Background: The association between cancer and multiple sclerosis has long been investigated. Several studies and reviews have examined the risk of cancer among patients with multiple sclerosis treated with disease-modifying therapies (DMTs) but with conflicting results. This study will aim to investigate the association between DMTs for multiple sclerosis and subsequent cancer risk using research synthesis methods.

Methods/design: We designed and registered a study protocol for a systematic review and meta-analysis. We will include randomised and non-randomised trials, prospective or retrospective cohort studies, and case-control studies of treatment with DMTs compared with placebo, no treatment, or another active agent. The primary outcome will be the risk of cancer (all-malignant neoplasms) in association with the exposure of DMTs. Secondary outcomes will include site-specific cancers (e.g. breast cancer). Literature searches will be conducted in multiple electronic databases (from their inception onwards), including the following: PubMed/MEDLINE, EMBASE, and Cochrane Central Register of Controlled Trials (CENTRAL). Two researchers will screen all citations, full-text articles, and abstract data independently. The risk of bias (quality) of individual studies will be appraised using an appropriate tool. If feasible, we will use a two-stage approach to evidence synthesis: (1) Peto's method for meta-analysis of data from randomised trials alone; and (2) Random-effects model for meta-analysis adding data from non-randomised studies. We will calculate odds ratios and their associated 95% confidence intervals. Potential sources of heterogeneity will be explored in additional analyses (e.g. subgroups considering different DMTs individually, mechanism of action, type of control, length of follow-up, mode of treatment).

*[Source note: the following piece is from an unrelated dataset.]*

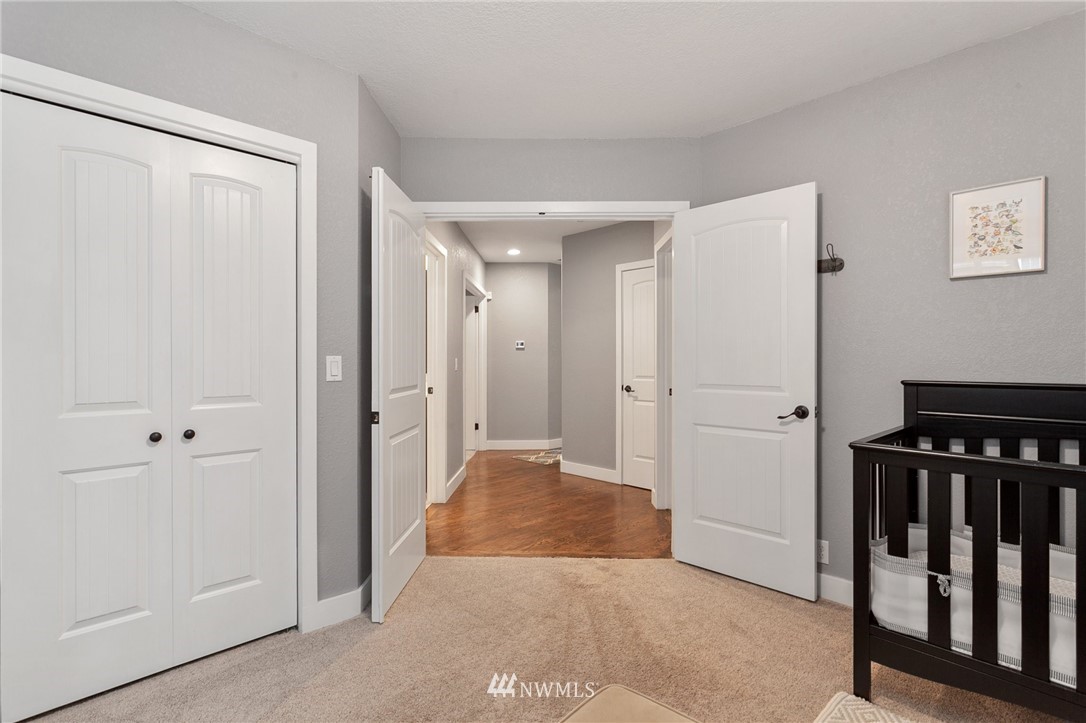 18618 112th Avenue Southeast Renton, WA 98055 - Photo 20 of 29 Gallery Image 20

Discussion: This systematic review and meta-analysis of randomised and non-randomised studies will provide an updated synthesis of the risk of cancer associated with DMTs for adult patients with multiple sclerosis. This study will also examine some factors that may explain potential variations across studies. The findings will be published in a peer-reviewed journal.

Systematic review registration: Open Science Framework ( https://osf.io/v4sez ).

Keywords: Cancer; Disease-modifying therapy; Meta-analysis; Multiple sclerosis; Systematic review.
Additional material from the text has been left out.